● SUPPLIED MATERIAL:
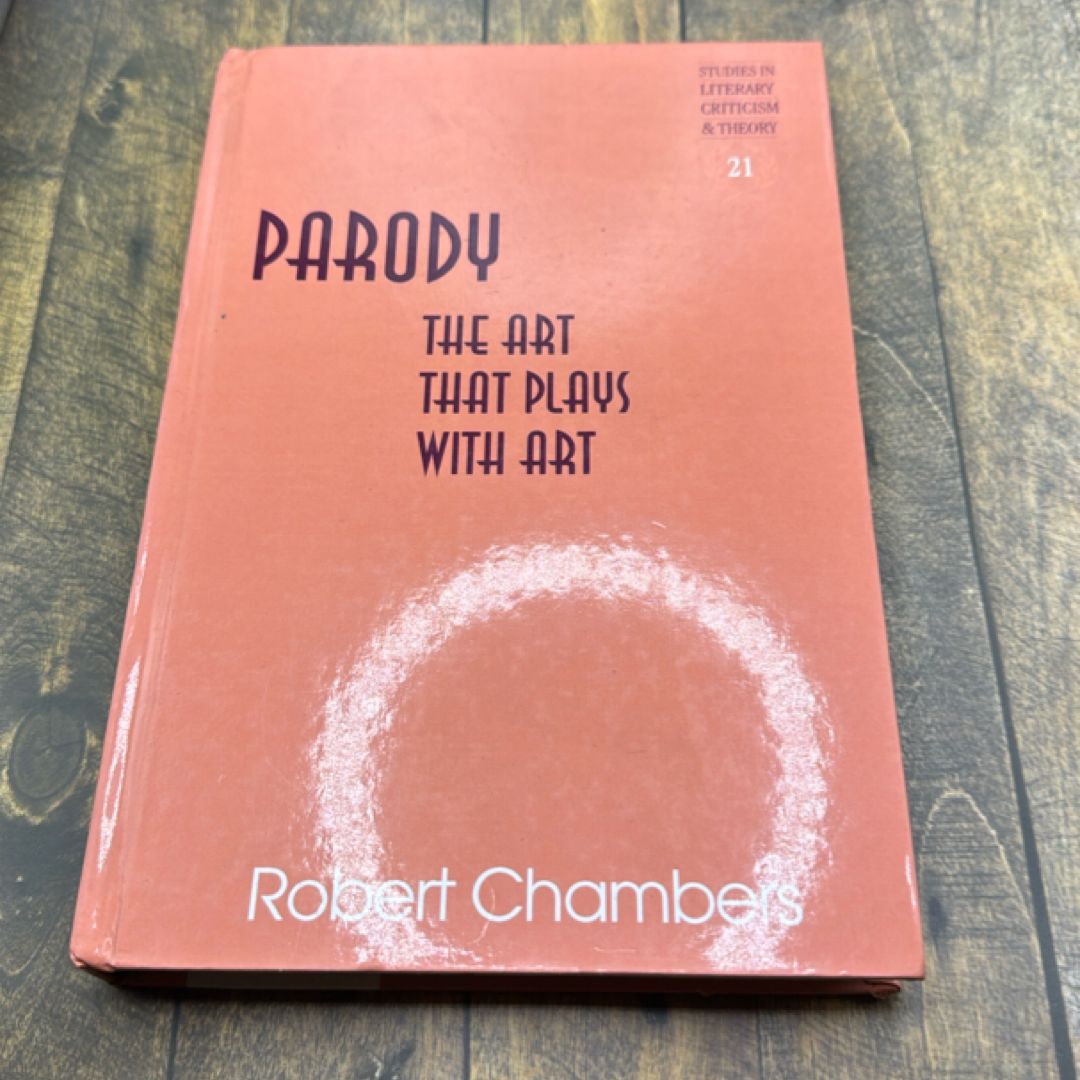 Parody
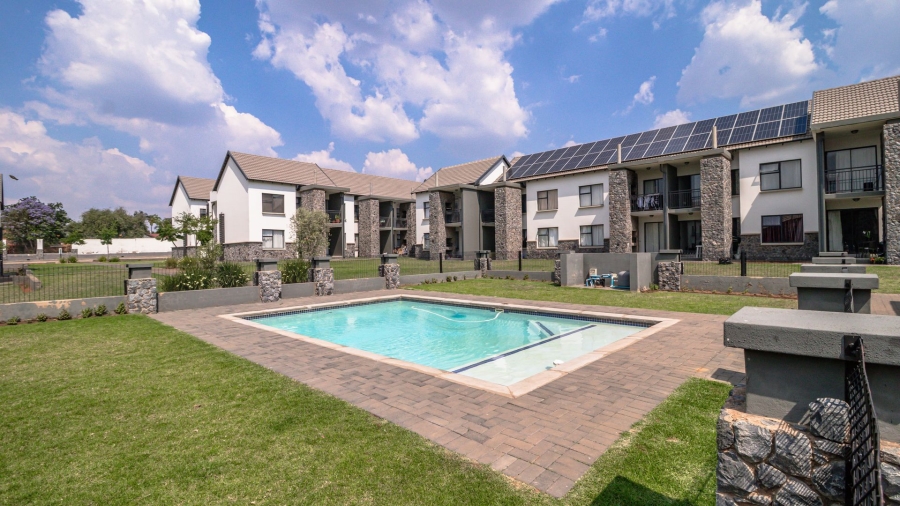 2 Bedroom Property for Sale in Kempton Park Ah Gauteng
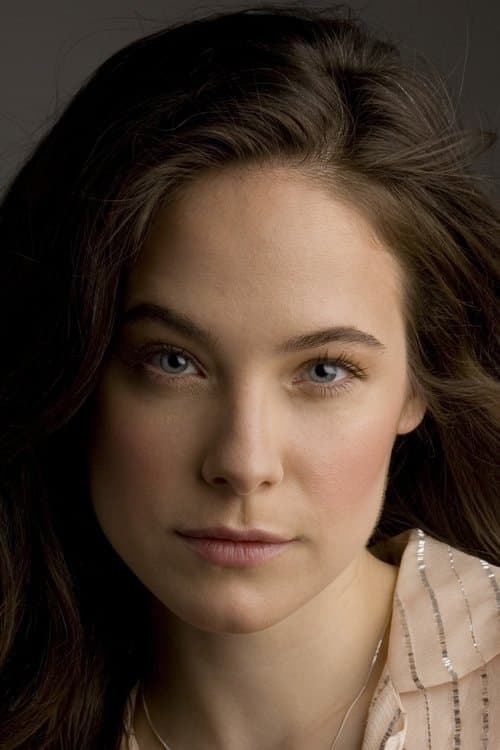 Caroline Dhavernas profile photo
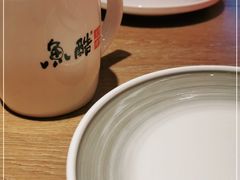 -鱼酷活鱼烤鱼(静安大融城店)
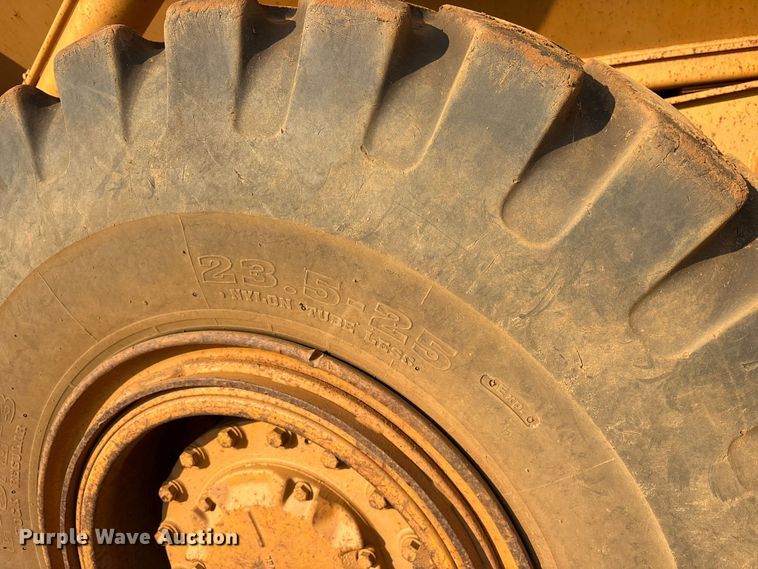 image for item DY0921 1998 Caterpillar D300E articulated haul truck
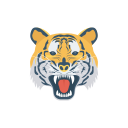 tigre icon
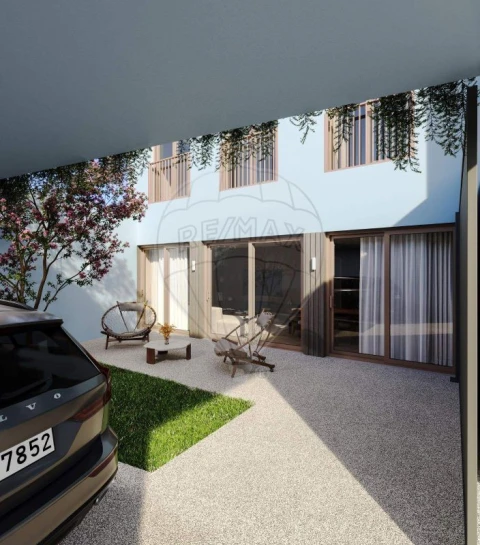 Apartamento T2 para Venda em Campanhã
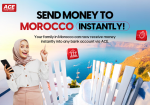 A 2025 Guide to Instant Bank Transfer from Italy to Morocco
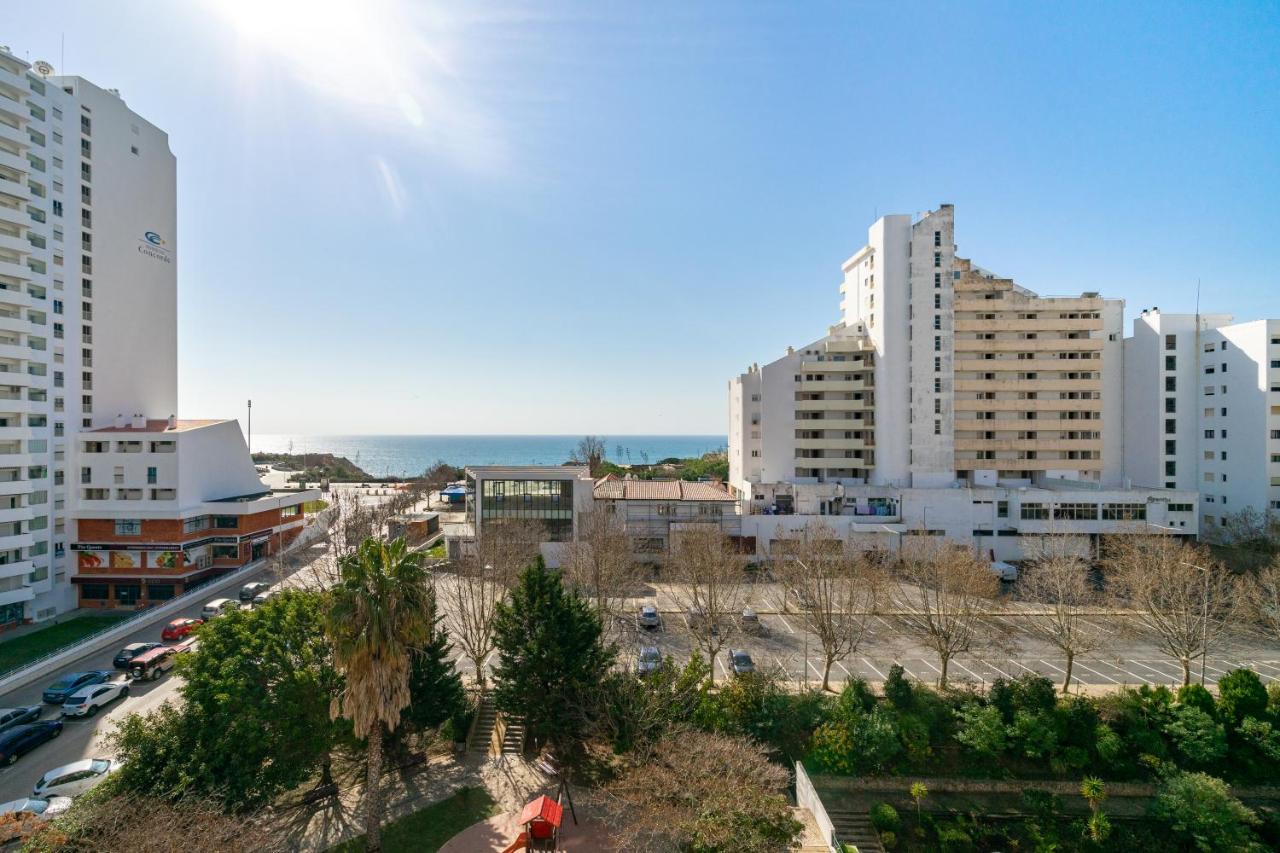 Apartamento Dreamstudio With Seaview By Encantos Do Algarve - 7h Portimão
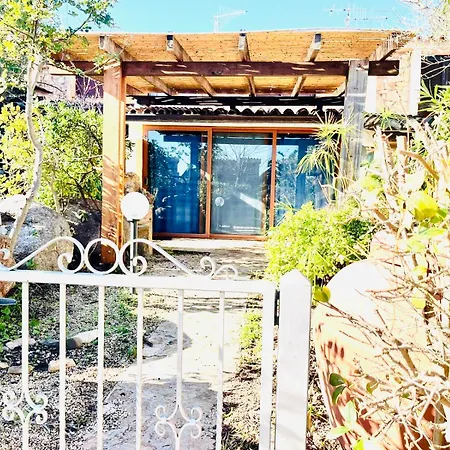 Azzurra A Due Passi Dal Mare Holiday home Is Traias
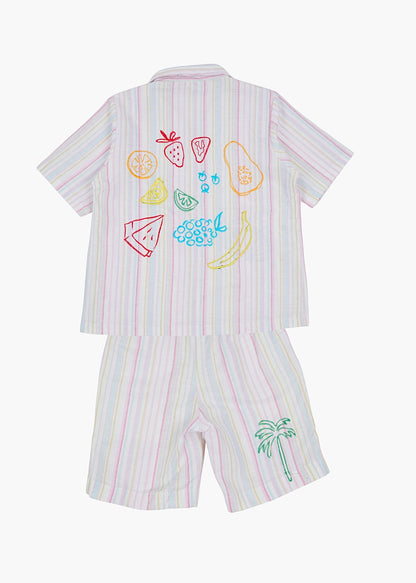 Kidswear - Picnic Set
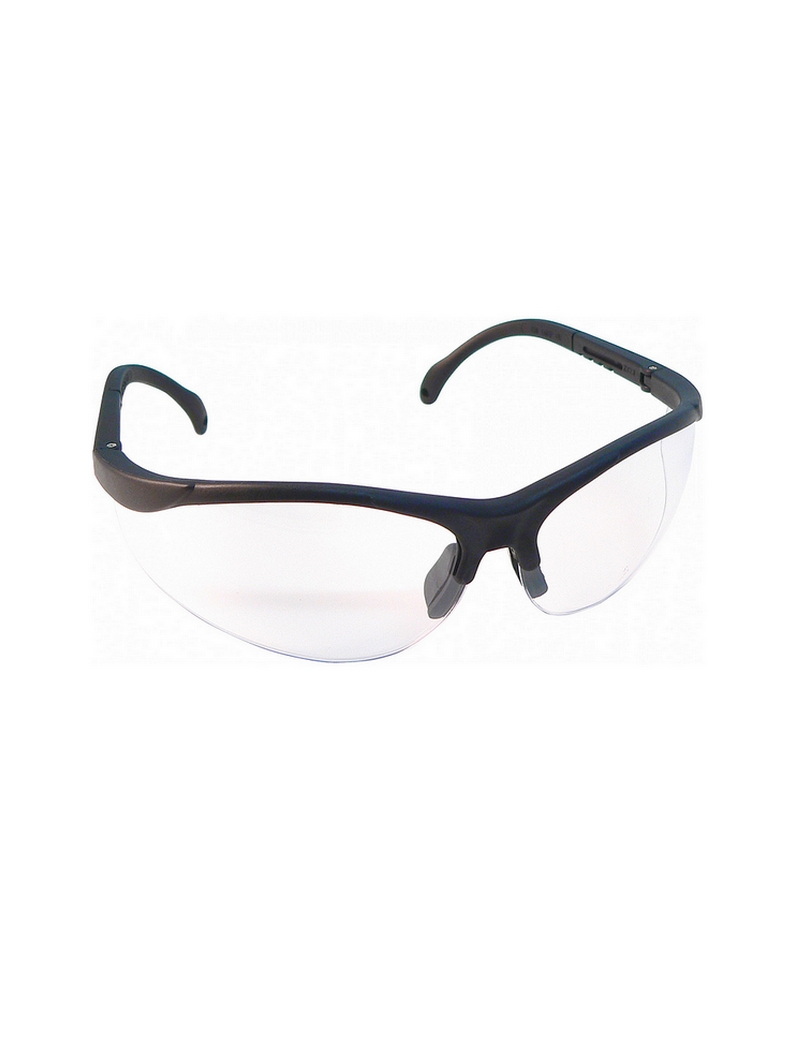 Lunettes de Protection B4  Ligne Triuso Premium Transparents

● EXERCISE DIRECTIONS: Inclusive range, exact copy: the line containing "Apartamento Dreamstudio With" through the last line of the listing. Print nothing else, and no pictures.

● WRITTEN SOLUTION:
 Apartamento Dreamstudio With Seaview By Encantos Do Algarve - 7h Portimão
 Azzurra A Due Passi Dal Mare Holiday home Is Traias
 Kidswear - Picnic Set
 Lunettes de Protection B4  Ligne Triuso Premium Transparents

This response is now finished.